Risk realities you must manage
- Opacity: black-box models undermine trust and dispute resolution.
- Herding: agents learning similar strategies can amplify volatility.
- Ethical drift: optimisation that meets the letter, not the spirit, of rules.
- Security: autonomous agents widen attack surfaces and blast radius.
- Adoption: customers may resist full autonomy without clear guardrails and proof of benefit.
Trust needs transparency, controls, and measurable customer benefit built in from day one.
A practical path from assisted to native
- Stage 1 - Augment: automate onboarding, document processing, and fraud with measurable SLAs and CBA.
- Stage 2 - Pilot AI-native products: limited-scope, ring-fenced portfolios with real-time monitoring and kill-switches.
- Stage 3 - Scale the operating model: agent governance, outcome-based risk, and production-grade MLOps.
Operating principles for AI-native finance
- Define intent and guardrails per agent: objectives, constraints, escalation paths.
- Data contracts: sources, lineage, entitlement, and quality SLOs.
- Interoperability: standardised schemas and secure agent messaging.
- Continuous validation: backtesting, shadow mode, challenger models, and bias checks.
- Incident readiness: rollback plans, rate limiters, circuit breakers, and red-team scenarios.
- Lifecycle management: versioning, monitoring, and deprecation tied to risk appetite.
Skills and culture
Treat AI first as a colleague, then as an autonomous business unit with oversight. You'll need AI product managers, AI ethicists, prompt engineers, data governance leads, model risk engineers, and agent safety specialists alongside existing risk and compliance talent.
If your team needs a fast way to survey practical tools used in finance, this curated list can help AI tools for finance.
The next decade
AI-native neobanks can run with minimal human operations, reserving people for high-trust relationships and complex exceptions. Cross-industry AI ecosystems will coordinate money, energy, travel, and health in one agent experience. Embedded finance becomes embedded orchestration.

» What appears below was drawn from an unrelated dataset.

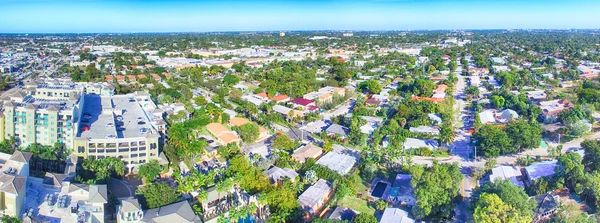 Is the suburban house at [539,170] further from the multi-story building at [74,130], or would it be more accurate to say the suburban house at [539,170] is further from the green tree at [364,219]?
the multi-story building at [74,130]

What to do now: a quick checklist
- Map your top 50 repeat decisions; score for autonomy potential and risk.
- Stand up streaming pipelines and a feature store with lineage.
- Select one AI-native product to pilot with regulator visibility.
- Codify guardrails: fairness metrics, price bounds, and escalation rules.
- Implement agent kill-switches, circuit breakers, and rate limits.
- Create customer-facing transparency: what the agent does, why, and how to override.
- Shift KPIs from process speed to customer and risk outcomes.
- Budget for post-deployment monitoring as a first-class cost.
AI-assisted finance keeps humans in the driver's seat with AI as co-pilot. AI-native finance flips that: you set the destination, and the system learns every route and hazard along the way. Build for autonomy, adaptability, and continuous learning-or get left behind by those who do.